---------- COLLECTED DATA
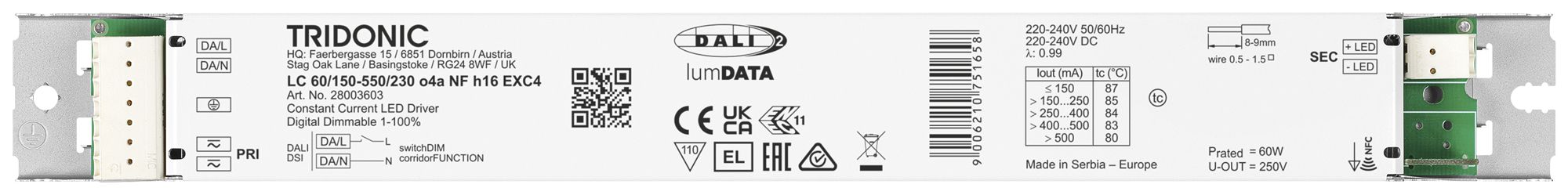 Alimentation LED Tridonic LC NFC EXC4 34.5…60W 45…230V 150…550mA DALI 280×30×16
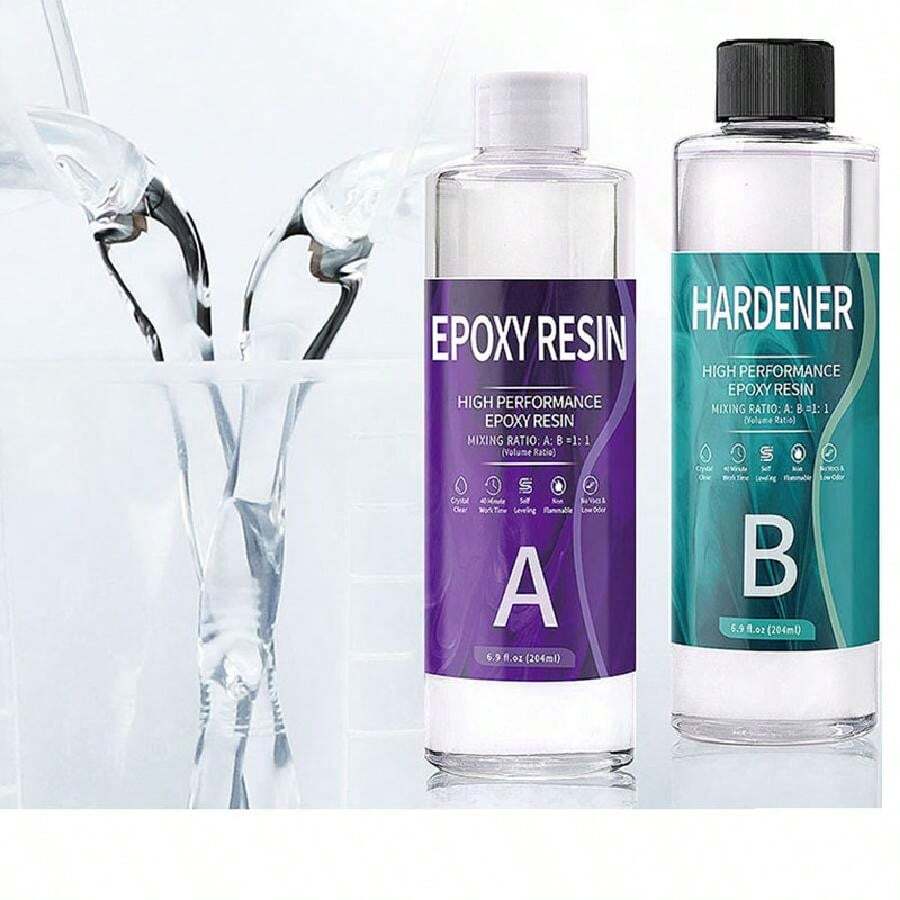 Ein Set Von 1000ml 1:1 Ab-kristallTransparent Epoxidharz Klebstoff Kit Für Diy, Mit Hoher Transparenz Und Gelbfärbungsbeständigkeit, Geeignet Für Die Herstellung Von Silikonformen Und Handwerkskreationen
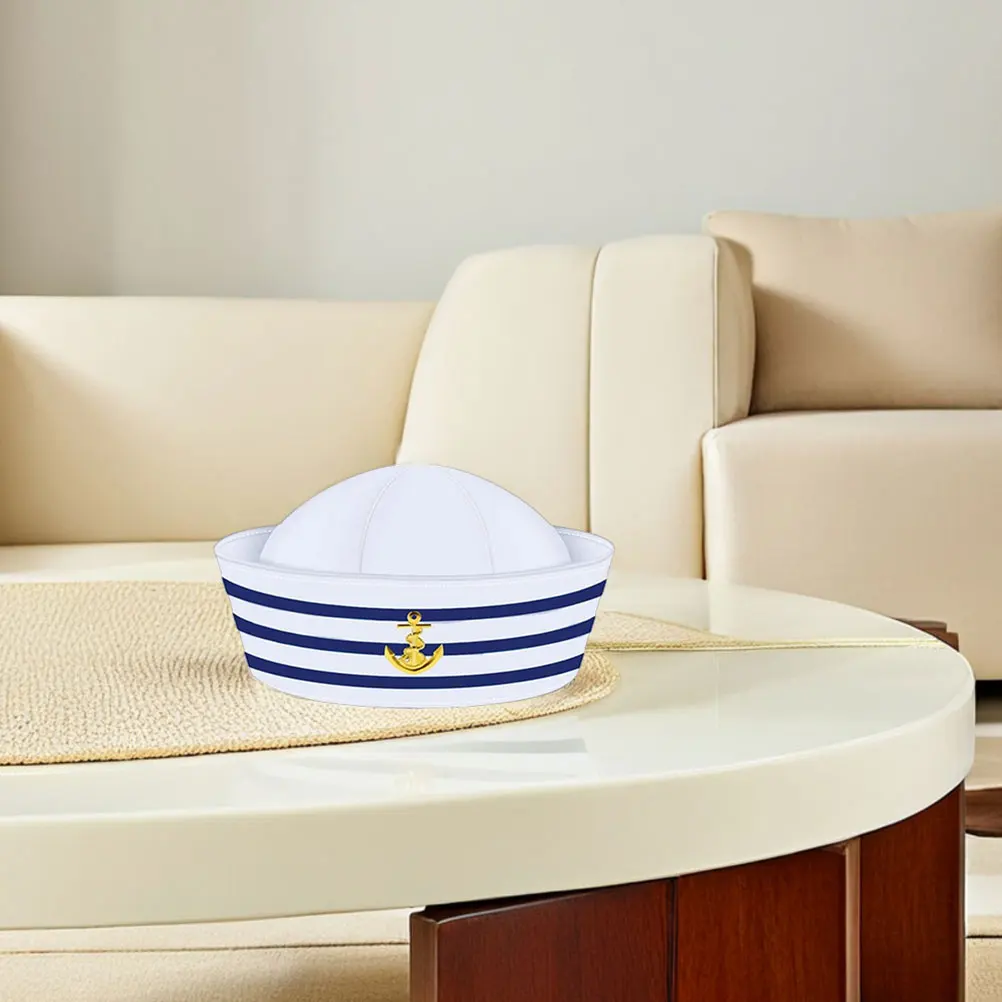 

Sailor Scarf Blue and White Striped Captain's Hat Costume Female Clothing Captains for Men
--------------------
• **YOUR ASSIGNMENT**:
Copy out every line above without change, dropping the pictures.

• **RESULT BELOW**:
 Alimentation LED Tridonic LC NFC EXC4 34.5…60W 45…230V 150…550mA DALI 280×30×16
 Ein Set Von 1000ml 1:1 Ab-kristallTransparent Epoxidharz Klebstoff Kit Für Diy, Mit Hoher Transparenz Und Gelbfärbungsbeständigkeit, Geeignet Für Die Herstellung Von Silikonformen Und Handwerkskreationen

Sailor Scarf Blue and White Striped Captain's Hat Costume Female Clothing Captains for Men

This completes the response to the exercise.